Luckily I saw little that was distressing but a story will haunt me forever. The body of a young child was found on a mezzanine floor. It was under five. I have a vision of that poor little sod getting separated from its parents in the panic, lost, and trying to find them, no doubt crying and in great distress, until overcome. I don’t think about it often now, thank heavens but when I do I feel quite uncomfortable - and I am not LFB who found the body.
I know your guys also broke their own rules re Breathing Apparatus. They couldn’t get to the top of the building constantly breathing in them as the air would run out so at great risk to themselves they took it off - against H&S regs no doubt - where they could, to preserve the oxygen they carried.
I can still see the fire fighters and ambulance staff crashed out on the grass around the estate there next morning, exhausted and mainlining water. On that day, you could not have paid anyone enough to do what those men and women did. It was pure public spirit and a desire to help those in distress, the greatest most generous human emotions were on display.
Contrast that with the powers that were involved in the cluster f- - k that got them all there.
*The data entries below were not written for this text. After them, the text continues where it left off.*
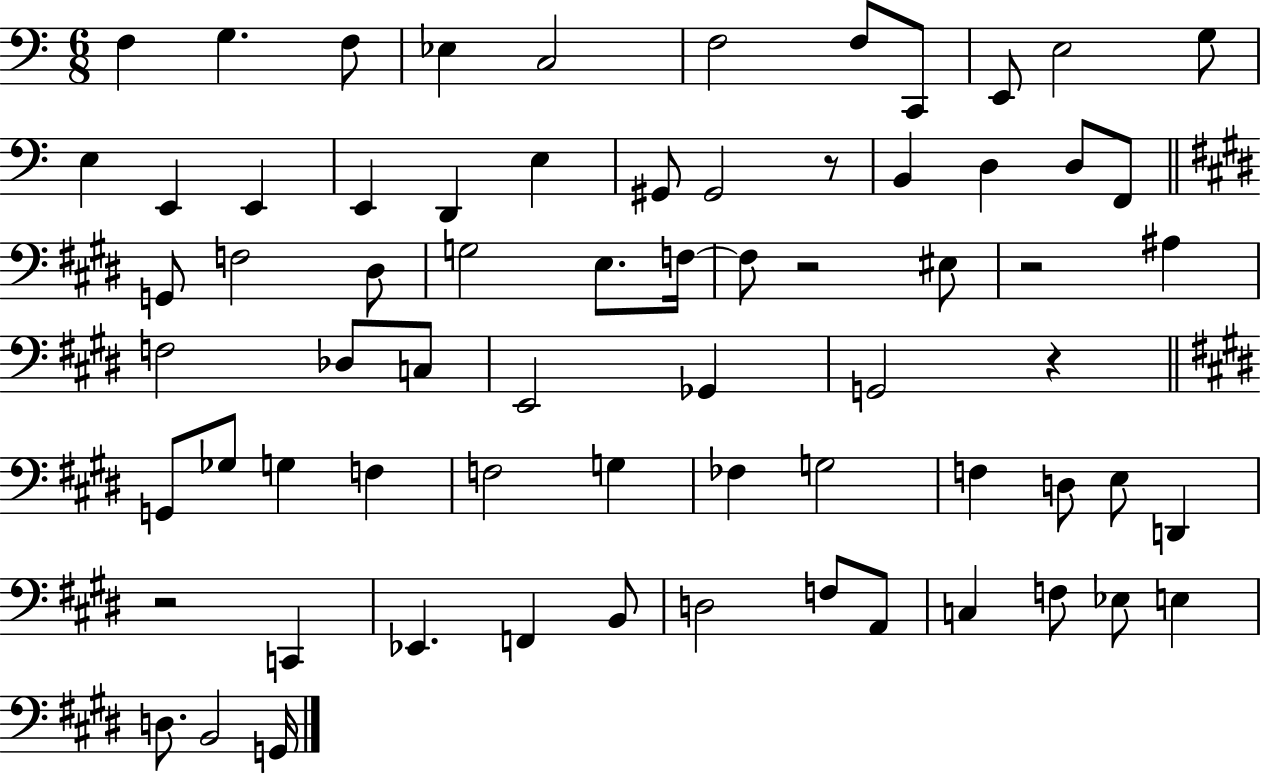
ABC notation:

X:1
T:Untitled
M:6/8
L:1/4
K:C
F, G, F,/2 _E, C,2 F,2 F,/2 C,,/2 E,,/2 E,2 G,/2 E, E,, E,, E,, D,, E, ^G,,/2 ^G,,2 z/2 B,, D, D,/2 F,,/2 G,,/2 F,2 ^D,/2 G,2 E,/2 F,/4 F,/2 z2 ^E,/2 z2 ^A, F,2 _D,/2 C,/2 E,,2 _G,, G,,2 z G,,/2 _G,/2 G, F, F,2 G, _F, G,2 F, D,/2 E,/2 D,, z2 C,, _E,, F,, B,,/2 D,2 F,/2 A,,/2 C, F,/2 _E,/2 E, D,/2 B,,2 G,,/4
Corporate greed, regulatory incompetence and disregard. And those individuals mainly have salaries and bonuses that the humble fire fighters would never see.
Words at this point fail me, so I salute the heroes of your organisation and ambulance service who did what they could in a once-in-a-lifetime event, and mourn those who died absolutely needlessly to make a tower block look nicer.
The most important action now is prosecution of individuals at the highest levels.
I work in Construction Safety and if an Architect,Quantity Surveyor,Building Control Officer or Fire Consultant or H&S Professional goes to prison it will be a game changer.
Council Officials should also be prosecuted.
The HSE now have teeth with the new BSR organisation being set up to scrutinise new hugh rise projects.
But one issue that we’ll never know about is the figure of 72 fatalities being the correct figure.
With a housing crisis were flats sublet with overcrowding by people who can’t afford to pay the rents in an area in Zone 2 in London.
And whose benefit was the cladding for???
The residents or the Nottingham Hill set who would have seen this Council type high rise block as an eyesore.
I hope this doesn’t become a drawn out process like Hillsborough and justice is done.
72 people should never have died in 21st Century Britain!!!!!